Bienal das imagens de guerra: no alto e acima,

Etelastik”, instalação multimídia de Zehra Dogän

que lança o visitante no confronto diante dos tanques.

Também acima, os curadores da Bienal de Pontevedra

na cerimônia de abertura da edição 2025 do evento.


Abaixo, "Resiliência", escultura da artista do

Paquistão, 
Wardha Shabbir, com um imenso coração

de onde brotam folhas e flores, tudo revestido por resina

com tonalidade vermelho sangue. Também abaixo,

fotografia de cena de 
“Fora de Si”, performance de

dança e artes cênicas de Nuria Sotelo e Luz Arcas;

e “Labola”espetáculo de O Ribot, premiado em 2021

com o Leão de Ouro na Bienal de
Dança de Veneza.

Todas as imagens
reproduzidas abaixo fazem

parte do catálogo on-line da Bienal de Pontevedra,

exceto quando indicado nas respectivas legendas






                        
 






O imprevisível presencial


Entre as diversas instalações com suportes audiovisuais e multimídia, o imprevisível também é marcante nas obras de Rosalind Nashashibi, artista da diáspora da Palestina, que resgata cenas da Faixa de Gaza que desapareceram com o massacre genocida praticado diariamente pelas forças invasoras e terroristas de Israel contra tudo e contra todos: crianças que brincam, pessoas e cavalos que se banham nas águas do mar, jardins e bosques de oliveiras que o bombardeio incessante dos iraelenses transformam em ruínas e corpos destroçados. São imagens que gritam, em sua aparente simplicidade e sua beleza tão vulnerável. Visitantes também têm a experiência presencial de olhar as fotografias que Robert Capa registrou na Guerra Civil da Espanha – e por coincidência algumas das ampliações estão realmente próximas dos pontos geográficos em que foram fotografadas pelo mais célebre dos fotógrafos de guerras e por outros fotojornalistas que fizeram história.

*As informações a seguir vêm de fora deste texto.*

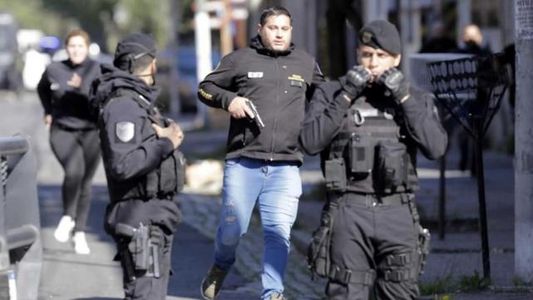 Un hombre toma de rehenes a dos personas en una dependencia judicial en Florencio Varela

Ainda que entre as obras e artistas da bienal esteja indicado um consenso inequívoco sobre o genocídio praticado por Israel contra o povo palestino, o tema “Volver a ser humanos – Ante el dolor de los demás” também cria um paradoxo com uma emblemática citação do alemão Theodor Adorno, que sempre retorna quando o debate aborda a guerra em interface com a arte e a literatura. Adorno argumentou, em 1949, que “escrever um poema depois de Auschwitz é um ato bárbaro” – no ensaio “Crítica da Cultura e Sociedade” (publicado no Brasil em 2002 no livro “Indústria cultural e sociedade”, pela editora Paz e Terra). A afirmação retornaria em outros textos em que o filósofo contextualiza sua máxima com a advertência de que ele não pretendia que se deixasse de escrever poesia, mas sim que a arte após o Holocausto não podia mais ser ingênua ou indiferente à barbárie ocorrida, sendo necessário que a própria arte refletisse sobre a catástrofe. A ironia do destino é que agora, décadas depois do Holocausto, são os judeus no comando do Estado de Israel que usam do imenso poderio militar para cometer o horror dos massacres e do genocídio contra os palestinos, um povo que não tem exércitos.



          


Bienal das imagens de guerra: acima,
um selo postal da Alemanha em homenagem
ao centenário de Theodor Adorno em 2003,
onde se lê o rascunho com a célebre e melancólica
citação “escrever um poema depois de Auschwitz
é um ato bárbaro”
.

Abaixo, extratos de Gaza Elétrica, fotografias
e instalação multimídia de Rosalind Nashashib
que mostram cenas do território de Gaza, belas e
vulneráveis,
registradas em 2014 e 2015, antes da
completa destruição e do massacre nos últimos anos
praticado pelos ataques e bombardeios de Israel
















História de transformações


A Bienal de Pontevedra tem uma história de transformações. No início, desde sua criação em 1969, foi uma exposição competitiva destinada essencialmente à promoção de artistas locais, como se pode ler na retrospectiva do site oficial (veja o link no final desta página). A partir de 1974, a bienal ganhou abertura para artistas internacionais e, em 1982, abandonou o seu caráter competitivo. Por questões internas de gestão e dificuldades financeiras, o evento foi interrompido em 2010, retornando agora com a força inquestionável que a extensa programação vem demonstrar. Sob a curadoria de Antón Castro, historiador da arte e professor da Universidade de Vigo, com a curadoria adjunta de Agar Ledo e Iñaki Martínez Antelo, a bienal abriu formalmente no final de junho e se estenderá até 30 de setembro, ocupando diversos espaços da Galiza, com algumas exposições e instalações seguindo depois para outros espaços da Espanha e outros países da Europa.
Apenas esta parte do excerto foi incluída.